RMT can only see logic in this decision if the
intervening period is used to carry out a far-reaching review
the whole industry. If as a result of this full operational and
financial control can be restored to the industry then the short
delay will be worthwhile. However we fear that this is not the
Governments intention. This being the case we see little merit
in short term improvements to services. As stated above the priority
for the industry should be long-term investment. This is the only
way to deliver a lasting improvement to both existing services
and to generate the additional capacity that the industry so desperately
RMT intend to respond directly to the DTLR in
respect of the SRA draft directions and guidance. However we will
make brief comments in this section. First of all the plan makes
reference for the need to provide clear strategic direction to
the railways. The fact that no comprehensive plan has yet been
produced is a matter of real concern. We note that this is now
timetabled for November 2001.
The Directions and Guidance also makes reference
to the targets outlined in the 10-year plan. We believe that all
of these are no longer achievable without significant Government
investment over and above that already announced in the 10-year
plan. There is no reference to new investment in the document.
There are many references to the need to achieve value for money
but hardly any reference to enhancement of the existing railway.
As we have already stated the Government will not achieve value
for money under the current fragmented railway system in the UK.
RMT believe that more detail should be given
regarding the wider social objectives of the railway. For example
travel for all age ranges and social groups should be facilitated,
and the argument for increasing rail capacity on the basis of
social inclusion and environmental benefit also needs to be made.
There is insufficient detail on how the industry
may be made to work together more effectively. The current structure
of the industry works against cross industry co-operation, for
example there are no surplus drivers that can be utilised to prevent
the cancellation of train services due to staff shortages. This
has happened on several occasions, most recently with Arrivia
RMT have noted with concern the section on fares.
In considering the caps on fares the Government have placed the
emphasis on covering the costs through increased fares, or by
increasing the cost of travelling at peak times thereby redistributing
peak demand. We do not believe that pricing passengers off the
railways at the times they wish to use the trains is a serious
way of tackling current difficulties. The SRA should be encouraging
more, not less people, to use the railway. Recent figures have
shown that for every pound of subsidy the Government puts in,
the passenger contributes more than double. In 1999-2000 passengers
paid £3.3 billion whilst the Government spent £1.4 billion.
The passenger already contributes enough revenue to the railway.
Finally the SRA should have a duty to consult
all interested parties within the industry, not least of course
the trade unions representing the staff. We will make more reference
to staff issues in the next section on industrial relations.

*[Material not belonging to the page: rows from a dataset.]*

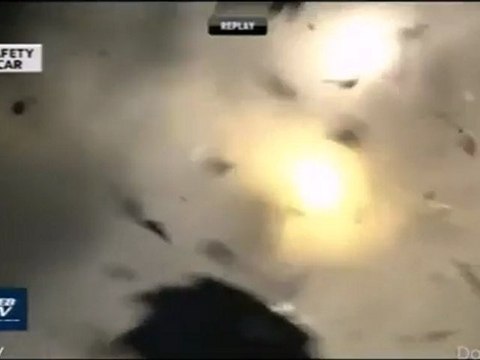 24 H du Mans 2011 : Mike Rockenfeller Huge Crash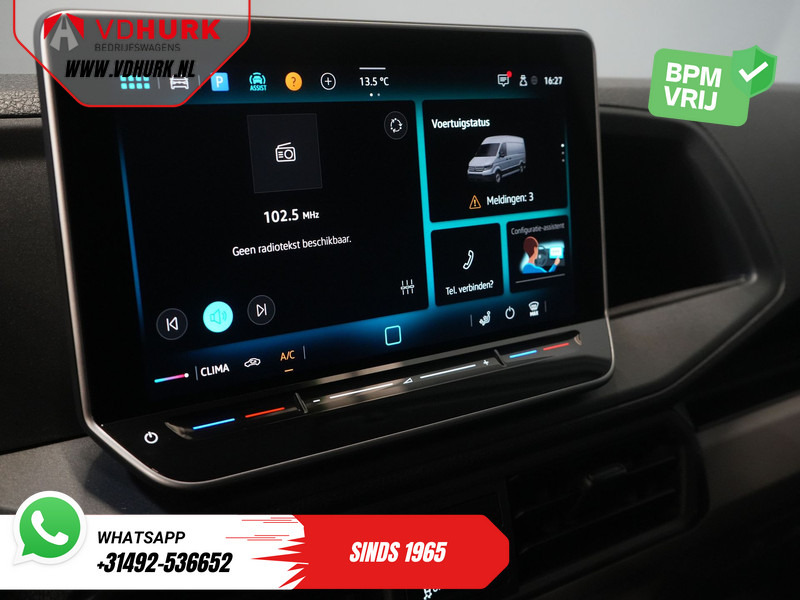 Товарен бус Volkswagen Crafter 35 140 pk DSG Aut. L3H3 BPM VRIJ! LED/ Virtual Cockpit/ Camera/ Cruise/ Carplay/ Gev.Stoel: снимка 19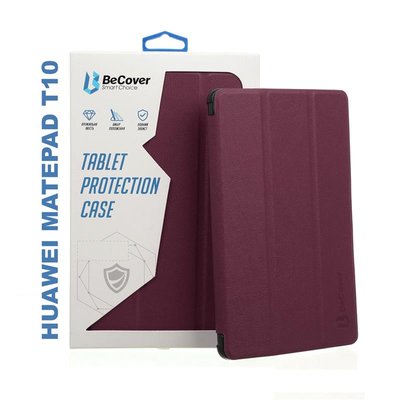 Чохол-книжка BeCover Smart Case для Huawei MatePad T 10 Red Wine (705396) 705396 фото
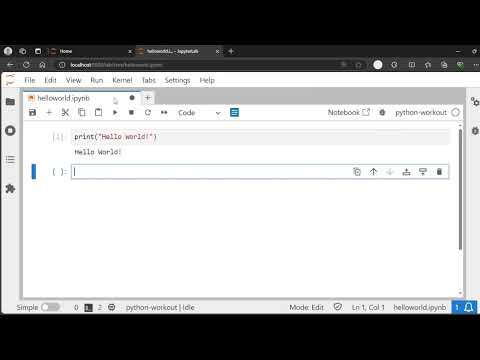 Python Hello, World! Explained | First Python Program Tutorial for Beginners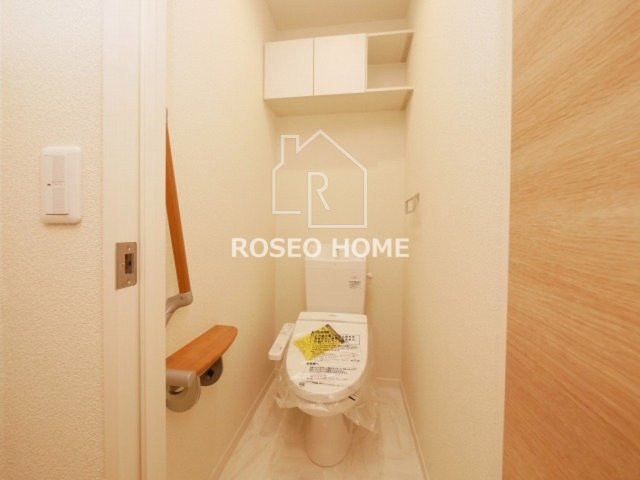 シャーメゾン島之内のトイレ|同マンション別部屋：参考写真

Industrial relations are not as harmonious as
they should be on the railway. Railway staff continually make
representations to the RMT about how the industry no longer works
as a cohesive unit. They are no longer part of an industry working
together but instead an employee of a particular company.
Many rail workers jobs are dependent on re-tendering
or refranchising. A possible career in the industry could be curtailed
by being undercut through the lower pay and conditions of a competitor.

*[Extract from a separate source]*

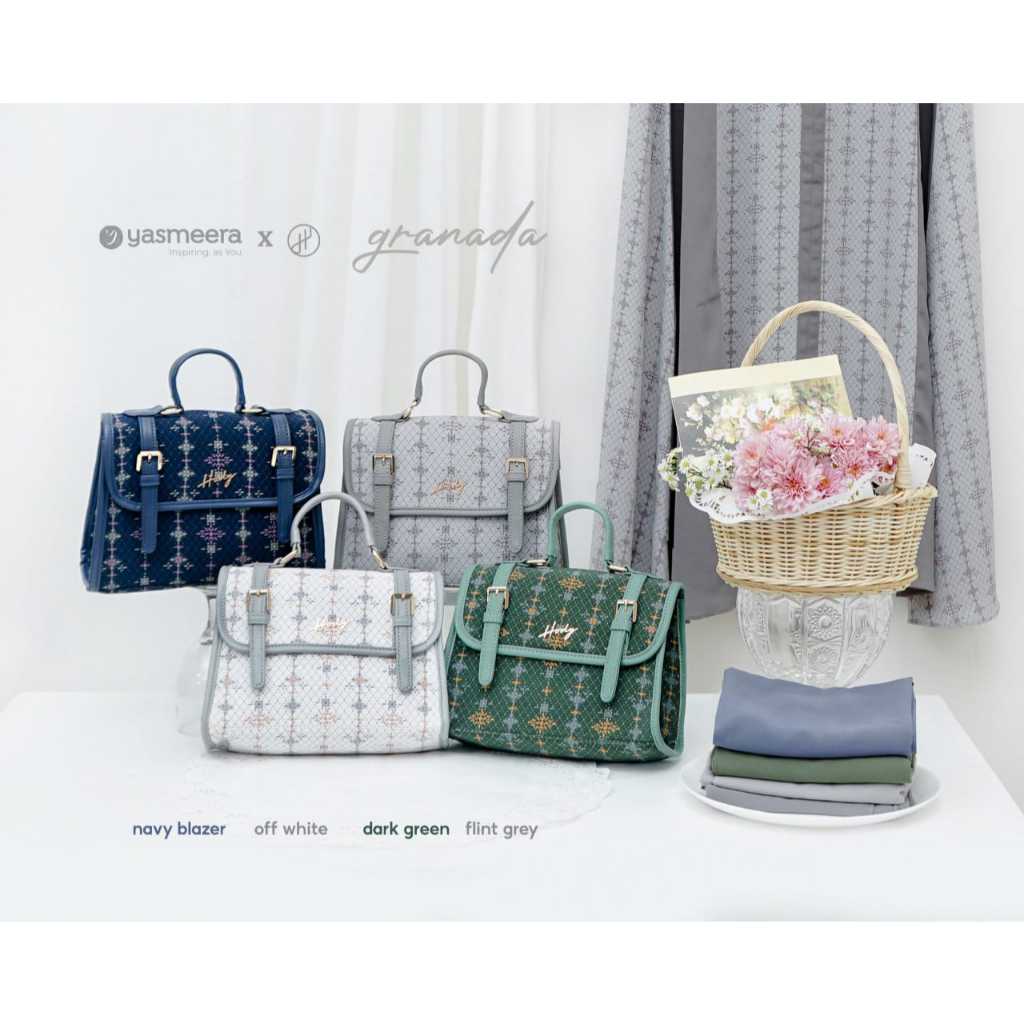 TAS SELEMPANG CANTIK ELEGAN//HODY BAG YASMEERA//TAS GRANADA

Rail workers believe that employers are primarily interested in
the generation of profits. Investing in staff is seen as a low
priority and staff numbers are kept at the very minimum levels,
often with very little regard for passenger comfort or assistance.
The most glaring example of this is the complete
absence of staff at many stations. On the trains themselves RMT
members at c2c have recently felt that they have had to carry
the can for safe working in the dispute over the retention of
guards on trains. Fortunately other train companies have agreed
with the RMT position on this matter. However it is undoubtedly
the case that public pressure for a more visible staff presence
has played a part in many of these decisions. Railways have a
big image problem in terms of personal security. Closed circuit
television cameras are no substitute for a staff presence and
we are sure that many more women would use train services if they
felt more secure.
All these factors contribute to lowering morale
within the industry and this can obviously cause industrial relations
problems. We should also mention that as staff grapple with keeping
train services running with ageing track, rolling stock and equipment
the effects on services has led to rising anger among passengers.

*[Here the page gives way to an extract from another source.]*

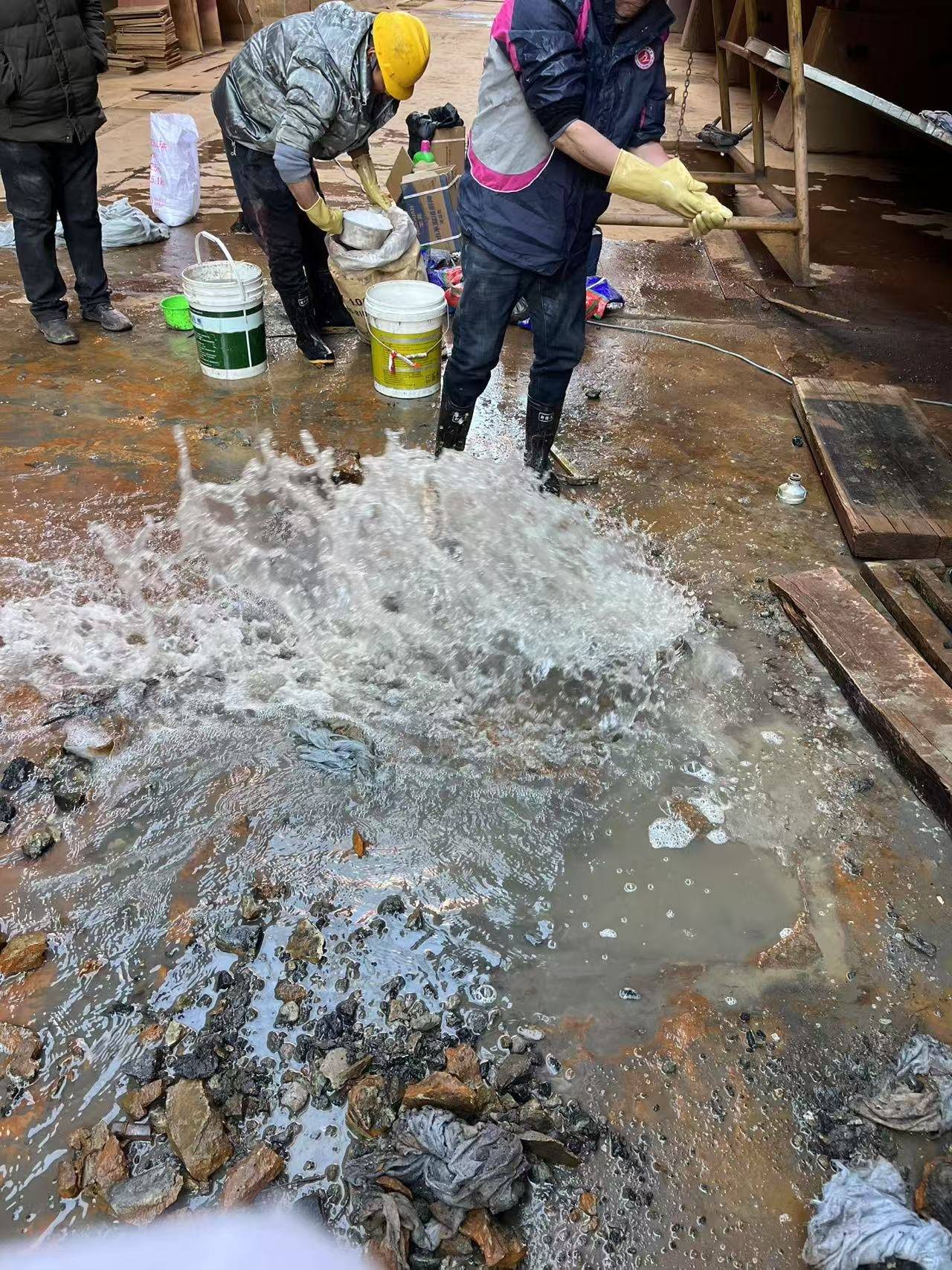 烟台牟平区隧道堵漏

In 2000-01 assaults on railway staff increased by 22 per cent,
those resulting in major injuries increased by 45 per cent.
Finally the industry is facing an increasing
problem of skills shortages that needs to be tackled. The rail
companies now operating on the network have been guilty of short-term
thinking. In the past apprentices and management trainees were
hired on a regular basis so that the skills base was protected.
There are now real shortages of staff with signalling and signal
design expertise. Restrictions on the recruitment of overseas
nationals have therefore been relaxed. The SRA and the DfEE are
investigating this but a plan of action must be implemented quickly.
The rail industry is suffering from a crisis
in confidence. The momentum gained from the announcement of the
10-year plan has gone. Hatfield exposed the problems of a fragmented
No serious commentators seriously believe that
the £60 billion of proposed investment, over half of which
was meant to be funded by the private sector, can now be delivered.
Railtrack is easily the most significant player in the industry
and they clearly can no longer deliver their side of the bargain.
New money is now needed, but value for money
will not be obtained unless Government can actually retain greater
control over the network. We are concerned that the Government
show no signs of acting upon the recommendations made by the Committee
earlier this year. The proposed SRA Directions and Guidance will
make little impression.
RMT believe that if Government can be brave
enough to grasp the nettle and provide some clear leadership then
a sense of confidence can be restored to the industry. At the
current time the industry is drifting along with no overall control,
either operationally or financially. Many are agreed that action
needs to be taken, and the only serious argument against restructuring
the industry seems to be that more upheaval would not be welcome.
However the costs of keeping the status quo will be far greater
in the long term.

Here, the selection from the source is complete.